[WASHINGTON] Competition between the United States and China is likely to intensify over time, but what is more worrying is the relationship and trust – or lack thereof – between the two powers, Singapore’s Minister for Trade and Industry Gan Kim Yong said.

Gan was explaining Singapore’s perspective of US-China relations to about 70 business and economic leaders during a fireside chat on Wednesday (May 1) with The Economic Club of Washington, DC, which similarly hosted Prime Minister Lee Hsien Loong 10 years ago.

“We have concluded that the competition and contestation between the two will continue, and it will probably intensify over time – but that is not the most worrying part because Singapore is very used to competition,” Gan said. “We are an open economy and compete with everybody in the world.”

Instead, what is more worrying is the relationship, trust and understanding between the two, said Gan, who was on an official visit to the US capital in part to commemorate the 20th anniversary of the US-Singapore Free Trade Agreement.
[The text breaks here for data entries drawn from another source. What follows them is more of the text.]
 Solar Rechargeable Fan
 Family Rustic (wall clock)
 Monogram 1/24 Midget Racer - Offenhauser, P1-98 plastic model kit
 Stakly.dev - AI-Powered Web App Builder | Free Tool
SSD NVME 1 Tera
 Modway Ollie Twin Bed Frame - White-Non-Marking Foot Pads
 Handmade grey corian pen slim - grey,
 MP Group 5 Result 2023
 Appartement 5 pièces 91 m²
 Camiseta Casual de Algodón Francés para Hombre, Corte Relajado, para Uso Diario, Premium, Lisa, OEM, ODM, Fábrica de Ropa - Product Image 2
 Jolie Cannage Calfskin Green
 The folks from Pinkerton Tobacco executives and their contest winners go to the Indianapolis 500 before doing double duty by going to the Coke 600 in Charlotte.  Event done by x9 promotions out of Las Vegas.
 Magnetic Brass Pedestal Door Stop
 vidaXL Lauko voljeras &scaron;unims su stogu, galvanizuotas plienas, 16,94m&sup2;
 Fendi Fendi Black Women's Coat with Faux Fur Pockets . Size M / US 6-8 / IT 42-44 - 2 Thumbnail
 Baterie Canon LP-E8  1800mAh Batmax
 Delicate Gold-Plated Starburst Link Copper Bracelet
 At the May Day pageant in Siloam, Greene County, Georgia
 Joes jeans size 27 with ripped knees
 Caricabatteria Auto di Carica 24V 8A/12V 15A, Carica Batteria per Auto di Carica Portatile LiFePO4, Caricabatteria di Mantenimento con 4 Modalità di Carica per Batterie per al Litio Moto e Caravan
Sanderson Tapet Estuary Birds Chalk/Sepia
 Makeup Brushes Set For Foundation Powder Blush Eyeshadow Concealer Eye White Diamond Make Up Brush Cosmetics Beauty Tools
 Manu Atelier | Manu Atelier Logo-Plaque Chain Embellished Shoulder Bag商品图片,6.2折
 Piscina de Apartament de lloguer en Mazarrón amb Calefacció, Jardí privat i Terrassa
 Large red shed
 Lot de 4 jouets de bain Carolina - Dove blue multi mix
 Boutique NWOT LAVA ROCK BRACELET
“It will be useful to encourage both sides to continue to have dialogue and engagement, so that while you compete, there is understanding of where you are and what you are doing, to minimise misunderstanding and misinterpretation of the intention,” he said during the chat moderated by Siemens USA chief executive Barbara Humpton.

He added that he is happy this contact has resumed and hopes it continues to grow, especially since there are global challenges that “need everyone to be on board”, such as fighting the climate crisis.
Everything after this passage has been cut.